A segment on tonight’s NBC Nightly News urked me a little bit.  The segment was about Obama’s statements regarding the construction of the Cordoba House in Lower Manhattan, and how Muslims have the same religious rights as anyone else.  When introducing the story, Brian Williams describes the situation as a “fight” into which Obama waded.  Why use this word?  True, combativeness does hike up ratings, butit does not help us to better understand the nuances and details of the situation.  It further perpetuates the simplified “us vs. them” mentality that infects important and complicated political, societal, and cultural debates happening within our country.

As the piece continues, the “mosque” in question is not referred to correctly.  It is not simply a mosque–and even if it was a mosque, big deal!  The Cordoba House (it is hardly referred to by its proper name) is a cultural and community center, dedicated to bringing people of all faiths together, as well as providing swimming pool, workout facilities, and a place of worship.  Basically, it is a beefed up YMCA or JCC open to anyone.

Major news outlets must begin referring to this place as the Cordoba House.  Generalizing the Corboda House as a “mosque” or “Islamic center” only mystifies it and allows people to place their own views or ideas onto it.

I am also sad to see that Harry Reid is against the Cordoba House.  Many Democrats look up to him for guidance about their political and social views, and his denouncement of the Cordoba House encourages more Americans to do the same.

I was initially thrilled with Obama’s remarks at the White House Iftaar this past weekend.  (An iftaar is the meal with which Muslims break their fast during the holy month of Ramadan.)  But since he expressed his support for the Cordoba House and received backlash from some politicians and pundits about it, he has moved backward on that statement of support.  Obama has tried before to distance himself from the Muslim community when conservatives claimed he was Muslim during the 2008 election.  That was an opportunity to have an important national discussion about Muslims in America, and he failed to take it.  Again, Obama is missing an opportunity to play a key part in a dialogue that must happen in our country.  I am disappointed by his choice to back-off his support of the Cordoba House, and I hope he chooses to reverse that position soon.  If he truly wants to see Americans’ religious rights protected, he must step in.

Jon’s brilliance

The Daily Show recently did an awesome segment about the opposition to mosque construction in the U.S.  I’ll let the video speak for itself.

Our Sufi allies

This op-ed contribution discusses how as Americans we must work with those within Islam, particularly those in the Sufi tradition, to fight extremism.  One of these Sufis is Imam Feisal Abdul Rauf, the Muslim whose initiative is building the Cordoba House. Sufism is a version of Islamic mysticism, not a separate religion.

16th-Century Miniature Painting Depicting Dancing Dervishes, Image by © Archivo Iconografico, S.A./CORBIS

This line of poetry, written by the famous Sufi saint, Rumi, is crucial for us to remember and implement during this time.

Your task is not to seek for love, but merely to seek and find all the barriers within yourself that you have built against it.

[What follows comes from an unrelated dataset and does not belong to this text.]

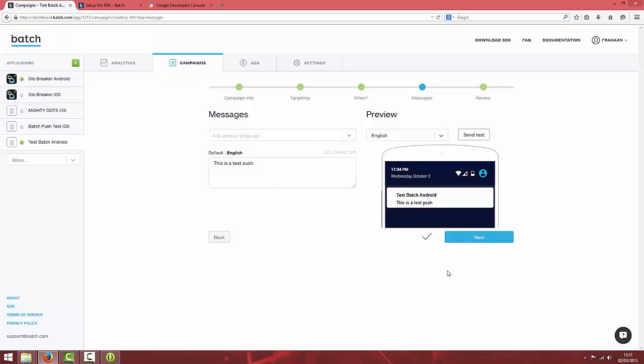Once you know it's working and you eventually come to set up push notifications, you can just hit next instead of send test and it will be set up and ready to use. Hopefully this tutorial has been helpful. I will put all the links in the description and thanks for watching.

In today’s America, those barriers are fear and misunderstanding.  Only when we recognize them can we begin understanding, befriending, and loving our neighbors.

NYT: American students study in the Middle East

Here’s an awesome NYT article about the increase in American students studying abroad in the Middle East.

Petra, Jordan

I’m hoping to study abroad in Jordan during the second semester of my junior year. Yeah, I do think it would be awesome to live in a country that shares my name and pay with Jordanian dinar (like Denari!) bills, but there are obviously more reasons to study abroad there.  Jordan is located between Palestine and Iraq, two places that will continue to require a lot of media coverage in the next several years.  Jordanian colloquial Arabic is very similar to both Palestinian and Iraqi Arabic, so learning that dialect will allow me to better communicate with many Arabic-speakers in my work as a journalist.  In Amman I can also live with a host family, which would be a great way to truly immerse in the culture.